Staggered failing of OSDs and mon_osd_down_out_subtree_limit

Wido den Hollander <wido@xxxxxxxx> · Thu, 16 Feb 2017 11:20:12 +0100 (CET)

Hi,

I'm looking to implement a additional config setting which goes together with mon_osd_down_out_subtree_limit.

In this case I have 'mon_osd_down_out_subtree_limit' set to 'host' to prevent a whole host from being marked as out when it fails.

I ran in to the situation where not all OSDs failed at the same time, but staggered. The disk controller was giving issues and slowly on OSD after the other started to fail. This meant that they were not all being marked as out in the same window of mon_osd_down_out_interval (3600), but after that.

When the whole host fails at once none of the OSDs are marked as out. This is very easy to reproduce on VMs.
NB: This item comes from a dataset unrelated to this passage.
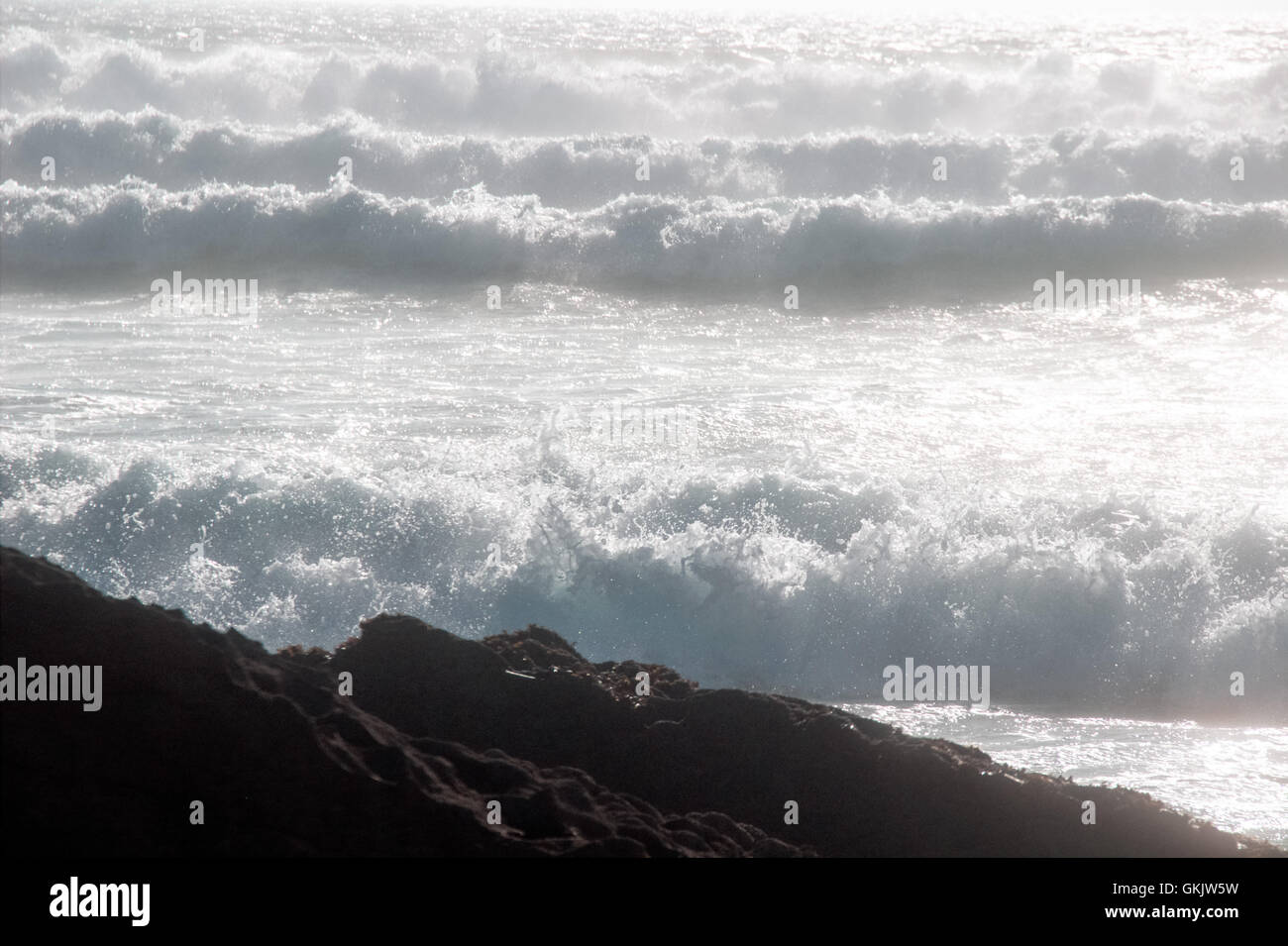 Four ocean waves rolling towards the rock on the shore, foaming and breaking Stock Photo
Just stop the OSDs on by one with a interval in between.

Only the last OSD was not marked as out since that meant the whole subtree would be marked as out.

I am thinking of mon_osd_down_out_subtree_max_osd

The default would be zero, but anything greater then zero would mean the MON would check if there are not already X OSDs out in the same subtree before marking it as out.

It would log to clog with a WRN message saying it will not mark these OSDs as out since it would go over the limit of OSDs inside that subtree.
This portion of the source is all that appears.